# [Assignment]
Although the entries contain pictures, only their text goes into the copy, set down exactly.

[Image-text web data]
━━━━━━━━━━

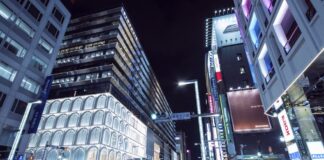 Ginza: gastronomia stellata, shopping e cultura a Tokyo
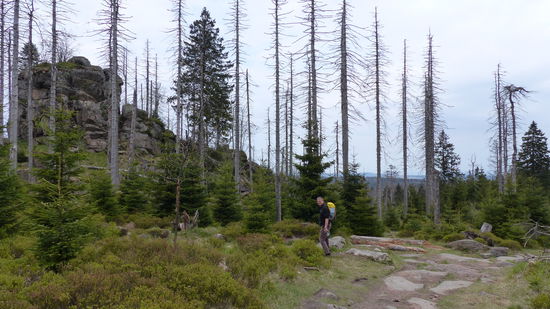 oh, Kletterfelsen...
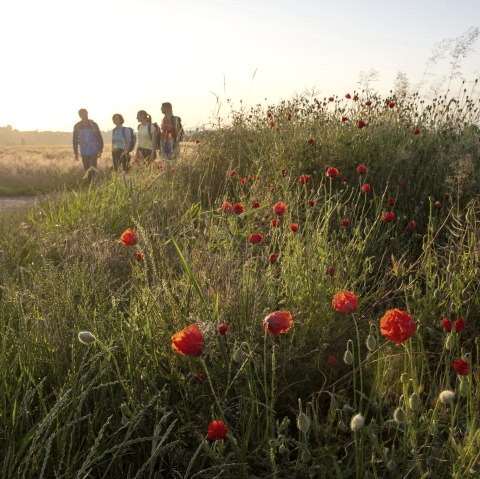 Geocache-Abstecher - Laachus angelt in Obermendig 3, &copy; Rhein-Mosel-Eifel-Touristik/Klaus-Peter Kappest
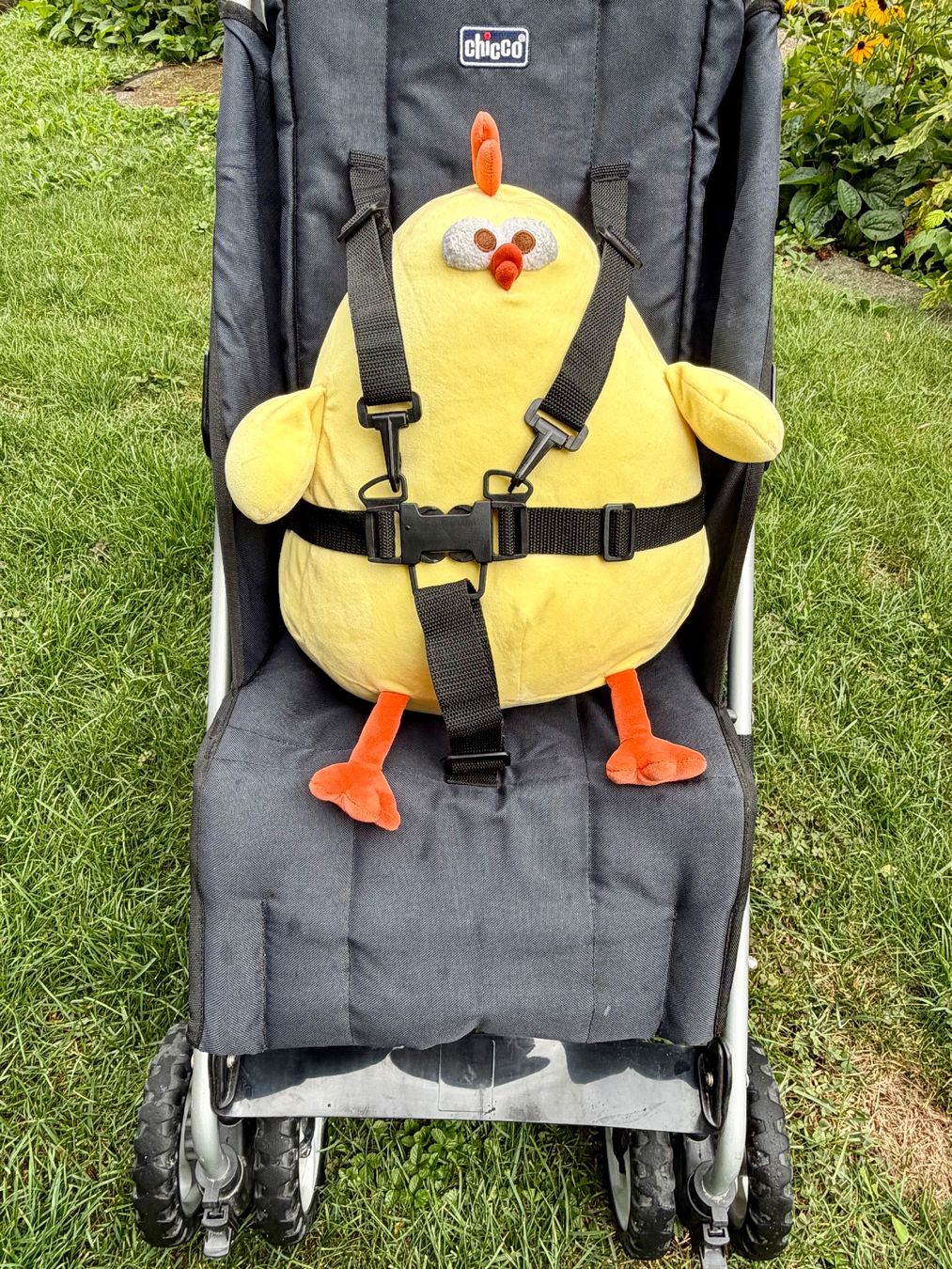 Chicco Kinderwagen: Chicco-Buggy – Gebraucht aus Ennetbürgen von Birkenbaum5 5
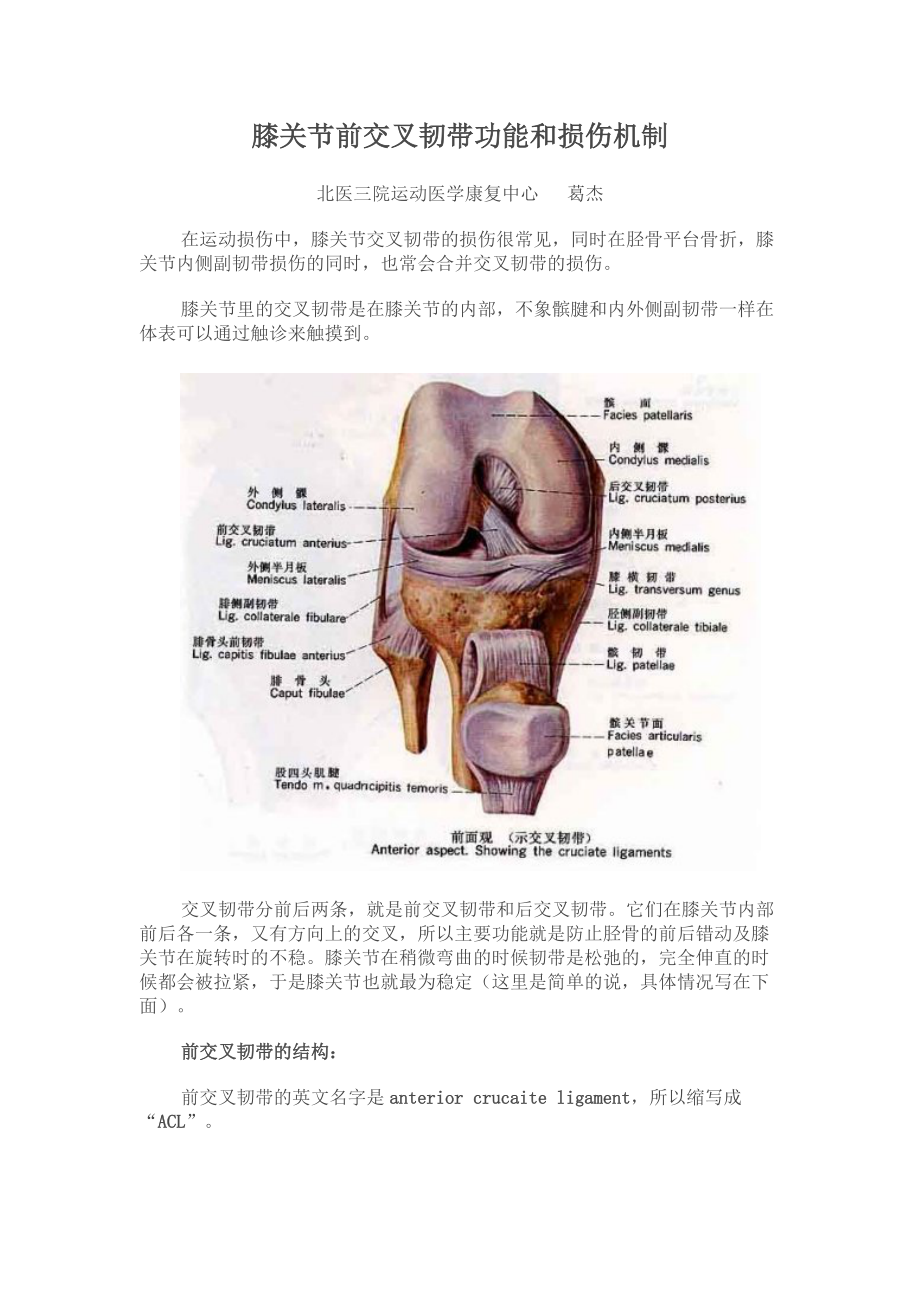 前交叉韧带功能和损伤机制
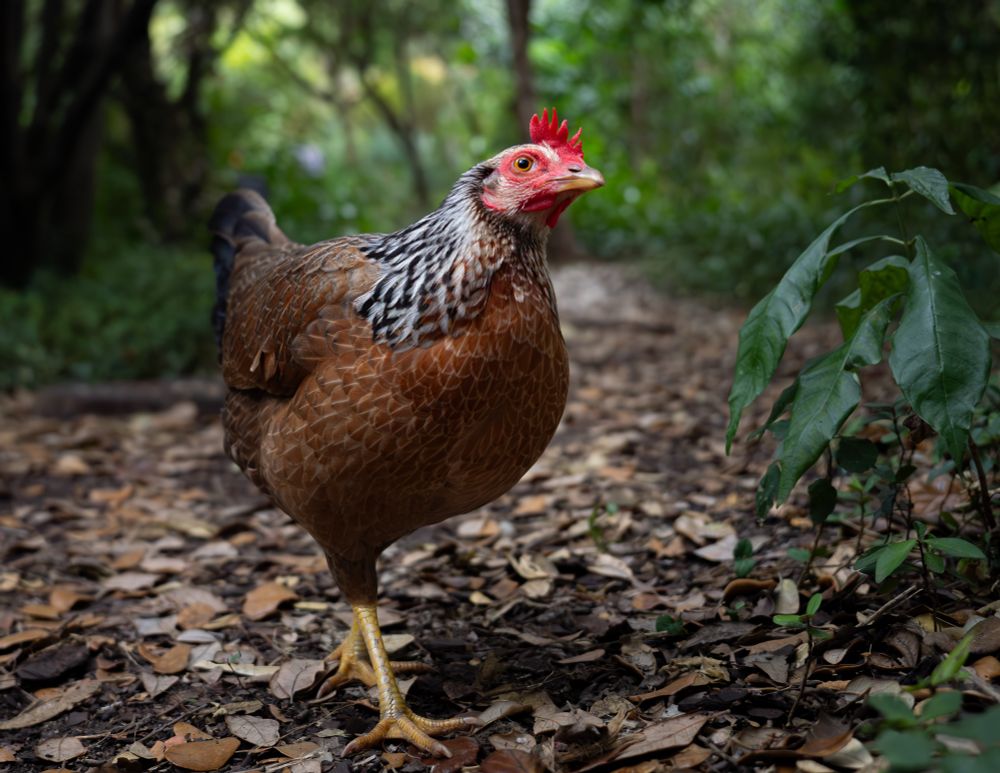 A chicken struts through the Miami Beach Botanical Garden. This chicken has an orange breast, a speckled brown-and-white cap, a small red comb, and prominent yellow feet. Here, it pecks its ways along a trail canopied with green plants and trees. The ground is covered in dry leaves and mulch. 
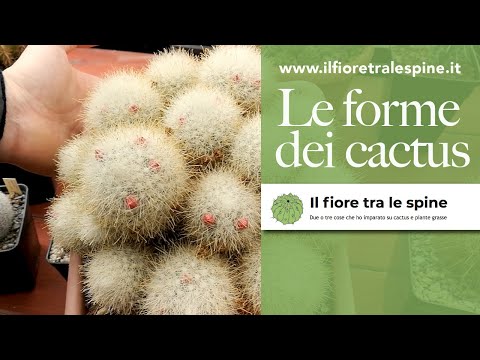 Video: Bellissimi cactus: specie, classificazioni, regole di allevamento, istruzioni per piantare e caratteristiche per la cura dei fiori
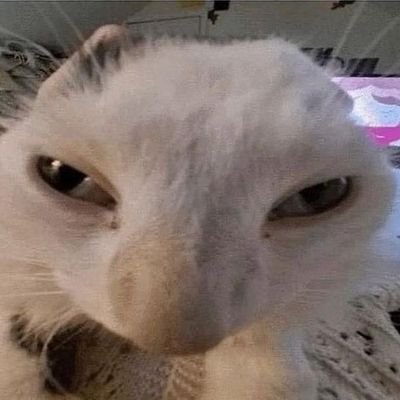 srban96828888's profile picture. não fazia parte do potrocolo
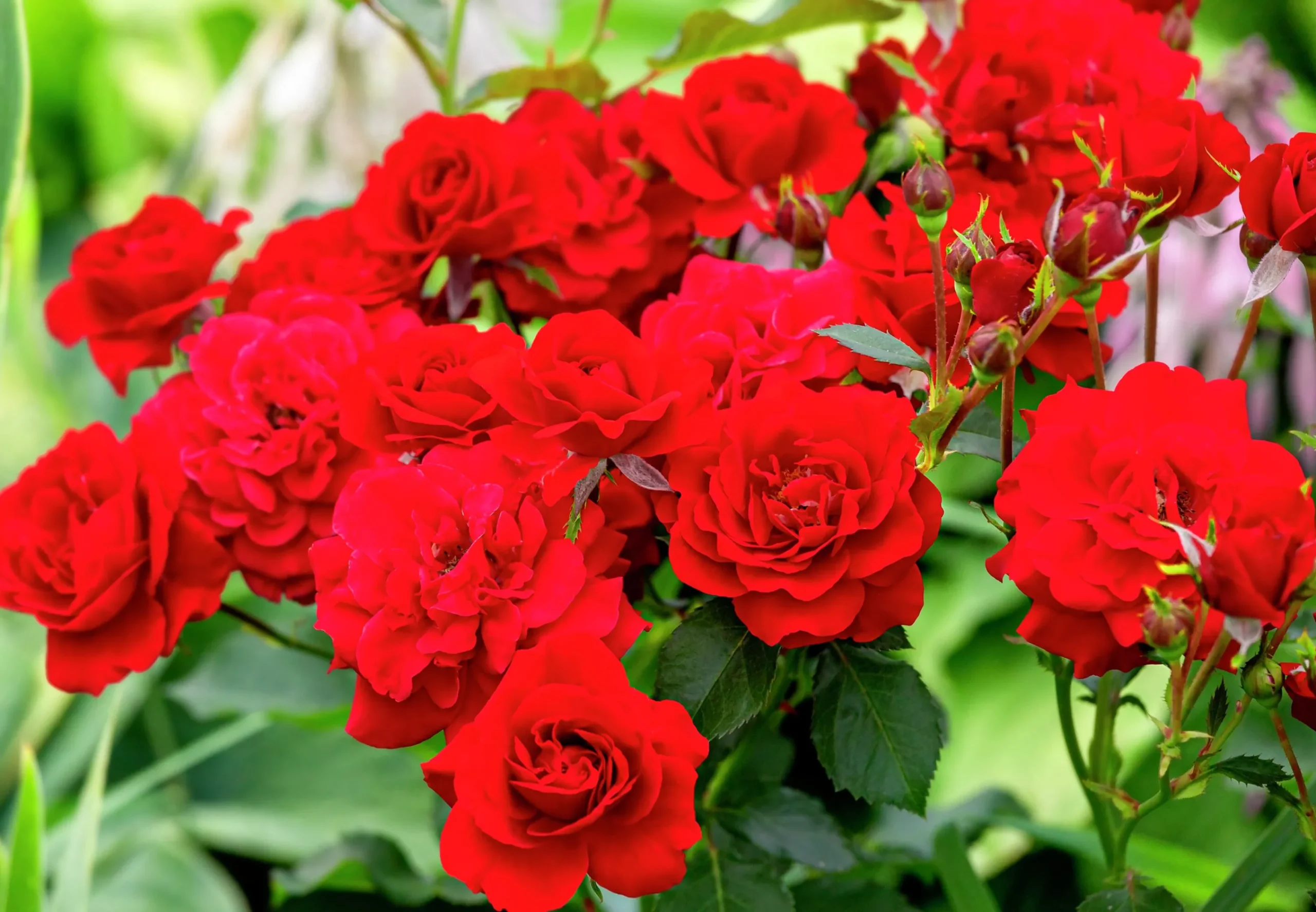 Rabattros 'Nina Weibull' 'Poulwei' Barrotad>Omnia garden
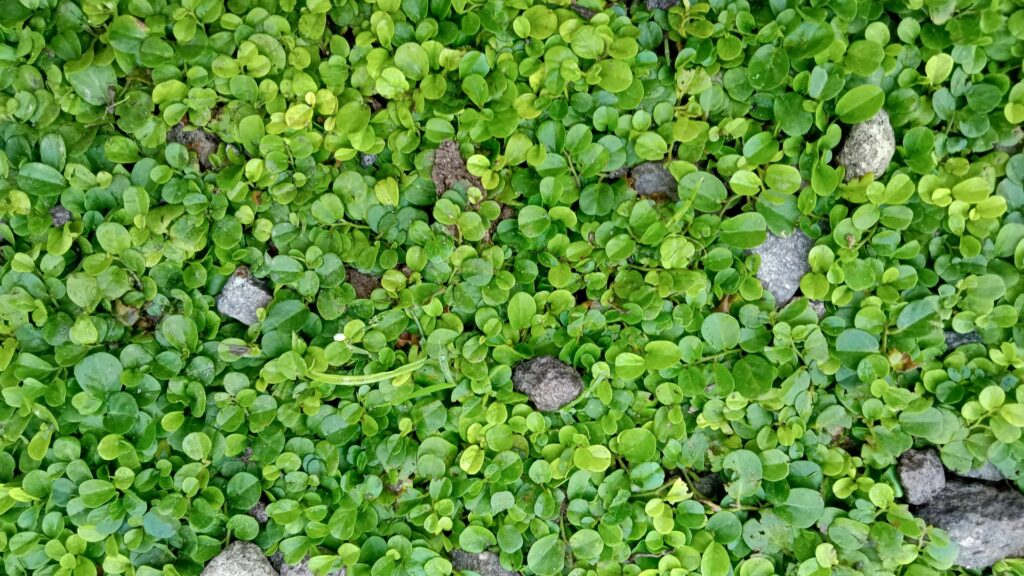 corsican mint ground cover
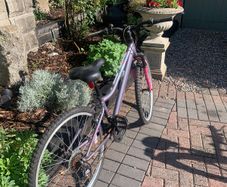 ladies bike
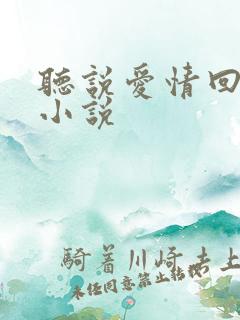 听说爱情回来过小说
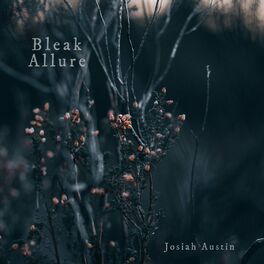 Album cover of Bleak Allure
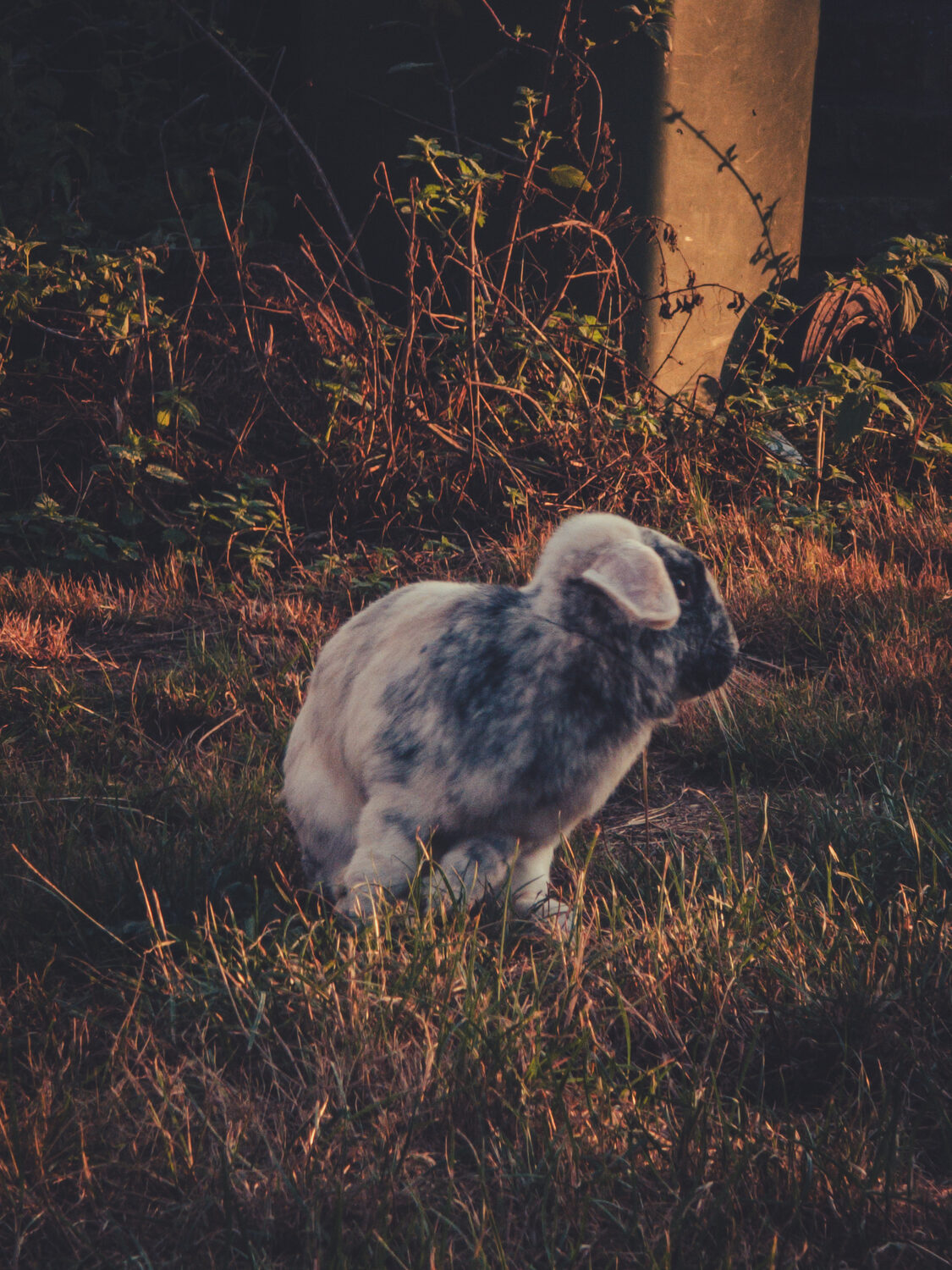 Free range rabbits.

━━━━━━━━━━

# [Finished exercise]
 Ginza: gastronomia stellata, shopping e cultura a Tokyo
 oh, Kletterfelsen...
 Geocache-Abstecher - Laachus angelt in Obermendig 3, &copy; Rhein-Mosel-Eifel-Touristik/Klaus-Peter Kappest
 Chicco Kinderwagen: Chicco-Buggy – Gebraucht aus Ennetbürgen von Birkenbaum5 5
 前交叉韧带功能和损伤机制
 A chicken struts through the Miami Beach Botanical Garden. This chicken has an orange breast, a speckled brown-and-white cap, a small red comb, and prominent yellow feet. Here, it pecks its ways along a trail canopied with green plants and trees. The ground is covered in dry leaves and mulch. 
 Video: Bellissimi cactus: specie, classificazioni, regole di allevamento, istruzioni per piantare e caratteristiche per la cura dei fiori
 srban96828888's profile picture. não fazia parte do potrocolo
 Rabattros 'Nina Weibull' 'Poulwei' Barrotad>Omnia garden
 corsican mint ground cover
 ladies bike
 听说爱情回来过小说
 Album cover of Bleak Allure
 Free range rabbits.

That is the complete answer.